Mon, 18 Jun 2001 09:55:16 -0700
Our collector is used in the Java (gcj) runtime. As a result, it is part of
the gcc source tree. I've been working on improving the interaction between
libgcj and the collector, though a lot of that didn't make it into gcc 3.0.
My understanding is that gcc itself uses a custom garbage collector to
manage the "tree" intermediate
code. AFAIK, it does not ever use our collector for this purpose. It was
motivated by the increasing complexity of memory management in gcc
front-ends. It does provide for different plug-in collectors. See ggc* in
the main gcc source directory.
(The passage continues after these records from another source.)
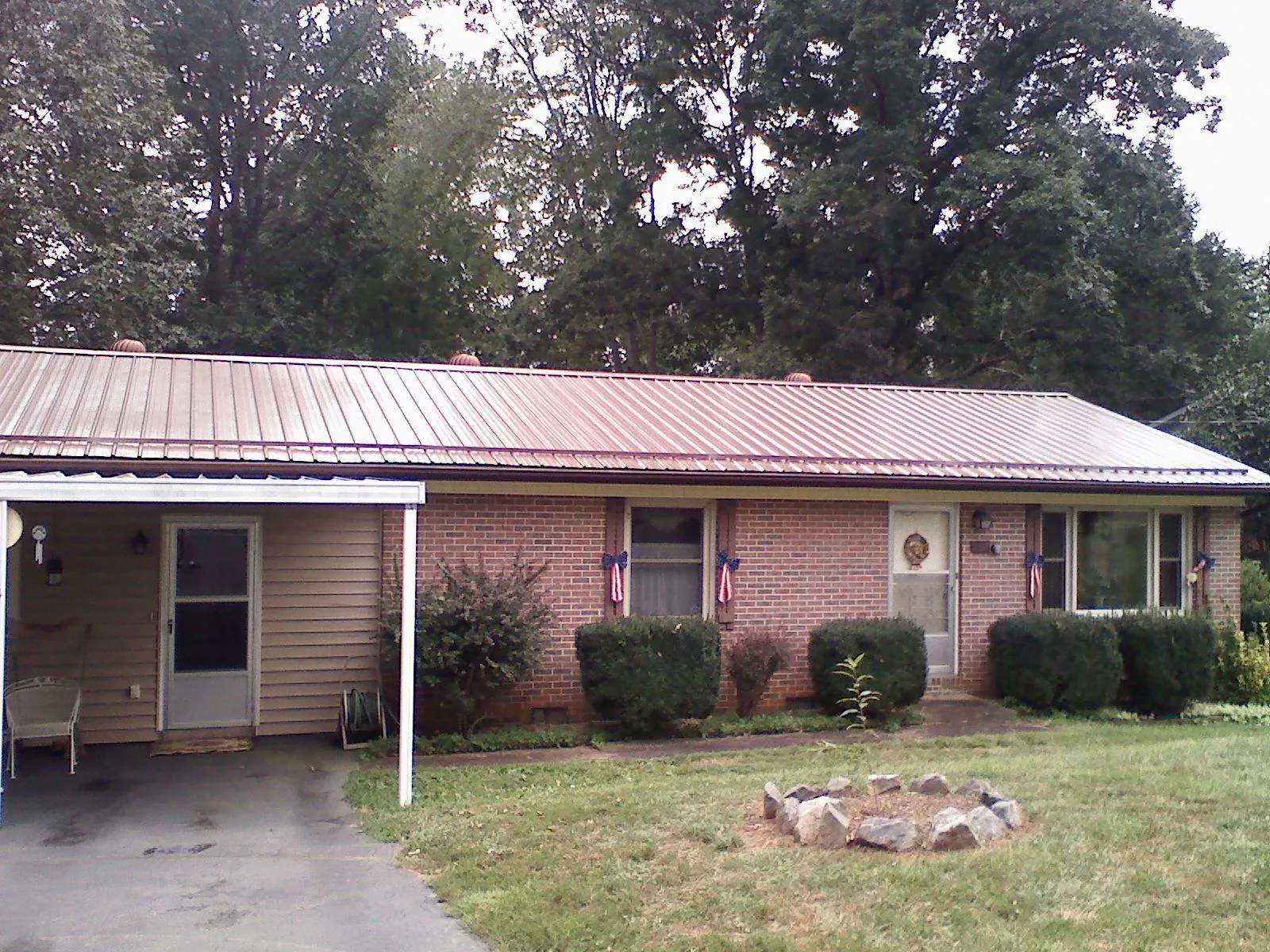 Bronze metal roof and carport on a brick ranch home — Roof Repair work by our crew in Ellettsville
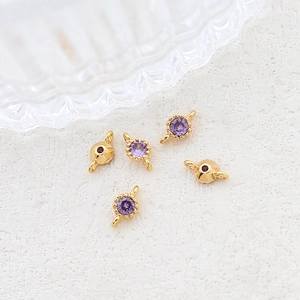 Detailed view of DIY gold-plated pendants with purple cubic zirconia and double loops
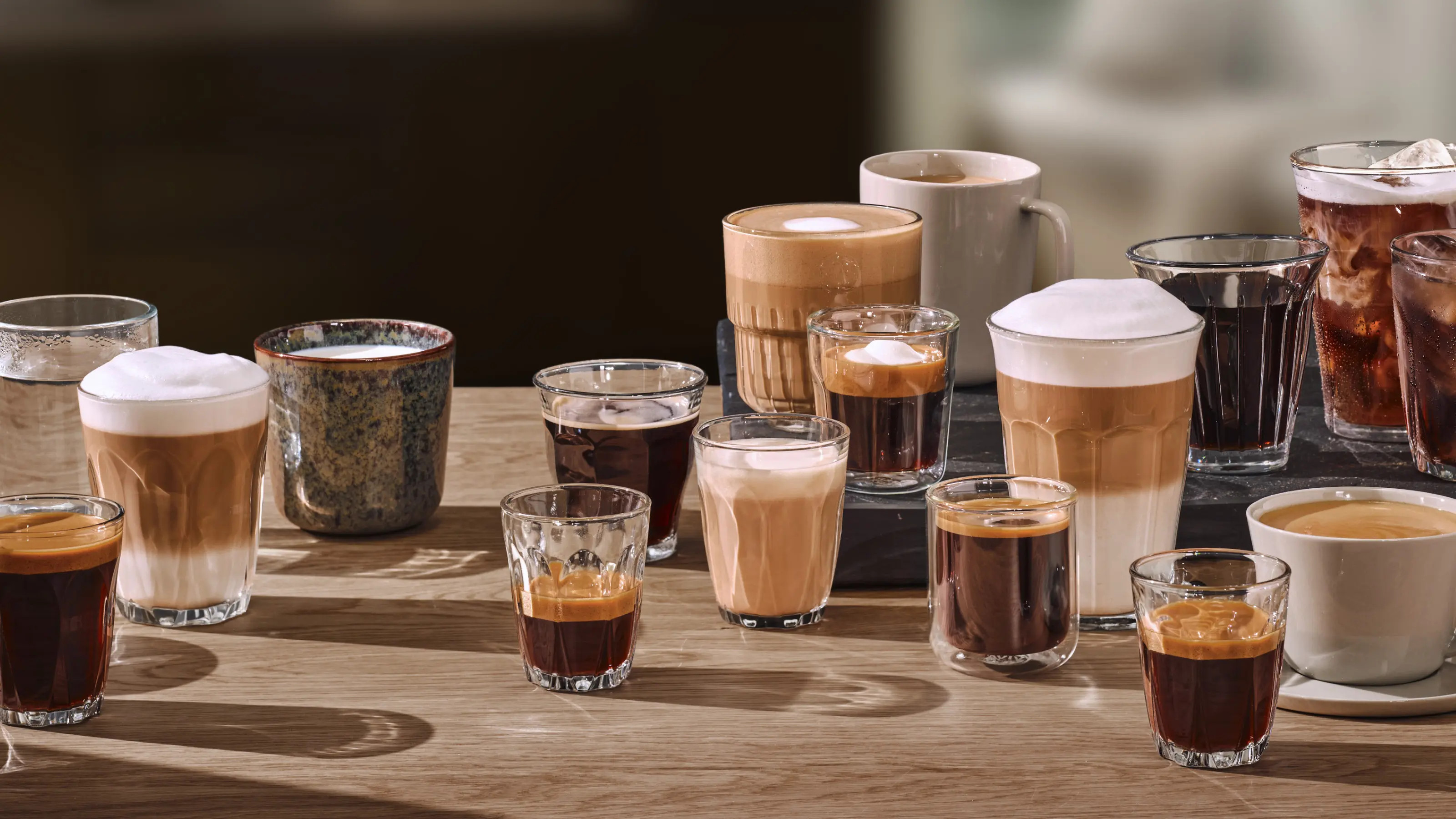 Asortyment napojów kawowych w szklankach i kubkach na drewnianym stole.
The interface to these collectors is very
specific to the gcc tree data structure.
I could not quickly find the discussion that led up to this, though it may
well have occurred on the gcc mailing list.
> -----Original Message-----
> From: Gabriel Dos Reis [mailto:Gabriel.Dos-Reis@cmla.ens-cachan.fr]
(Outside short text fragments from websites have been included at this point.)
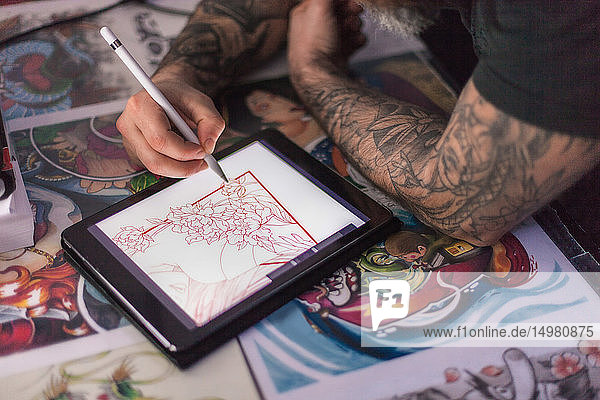 Tattooist sketching tattoo design on digital tablet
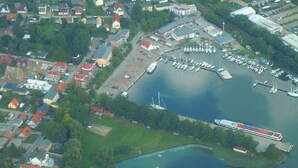 An aerial view of a marina with boats, a dock, and surrounding buildings.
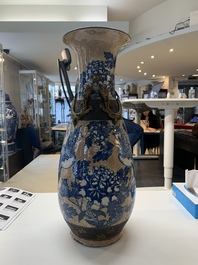A pair of Chinese Nanking blue and white crackle-glazed 'phoenix' vases, 19th C.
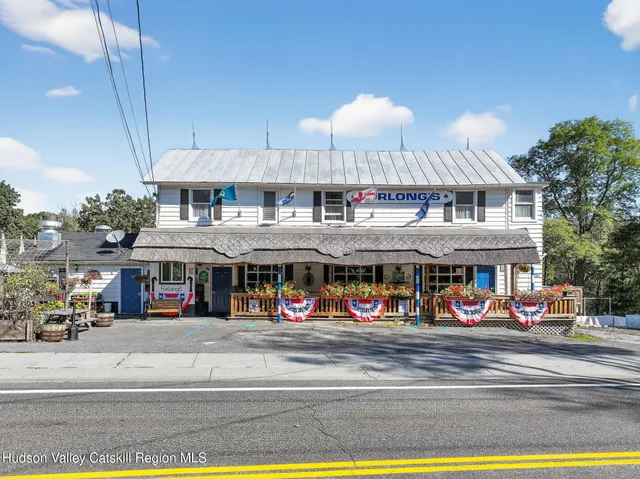 a front view of building with street
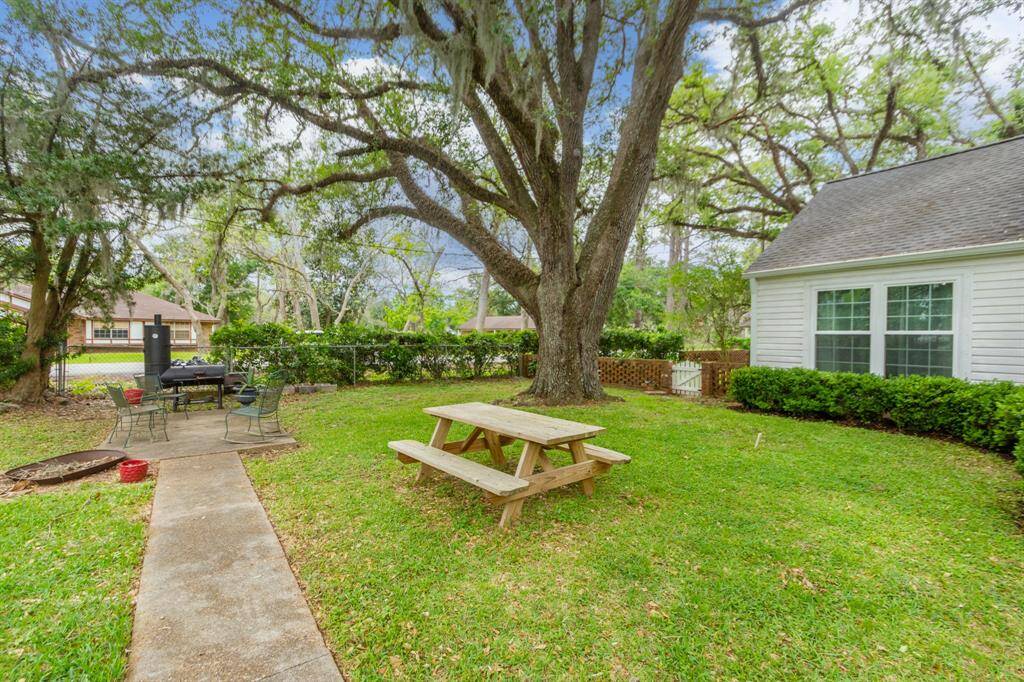 Spacious yard with mature trees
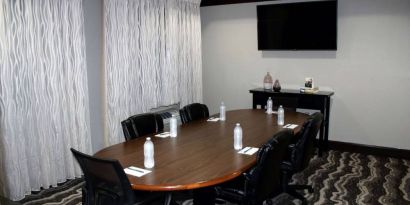 Hotel meeting room, including a wooden table and five leather chairs around it, two windows, and a large TV on the wall.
> Sent: Monday, June 18, 2001 7:50 AM
> To: firstname.lastname@example.org
> Subject: Re: [gclist] GCC 3.0 and GC?
> Daniel Wang <danwang@CS.Princeton.EDU> writes:
> | >From
> | http://gcc.gnu.org/gcc-3.0/features.html
> | New Languages and Language specific improvements:
> | The GNU Compiler for the Java(TM) language (GCJ) is now
> integrated and
> | supported, ... and the Boehm conservative garbage collector.
> | Other significant improvements: Garbage collection used
> internally by the
> | compiler for most memory allocation instead of obstacks.
> | So does this mean GCC is now using the Bohem conservative
> collector? Or is
> | gcc using a different GC internally.
> GCC is now using the Bohem collector.
> | ... I'm generally, curious as to why the
> | GCC developers decided to take the plunge and adopt GC.
> Using a GC in lieu of obstack hackery makes it easier to fix some
> obscure bugs. That also simplifies considerably the compiler.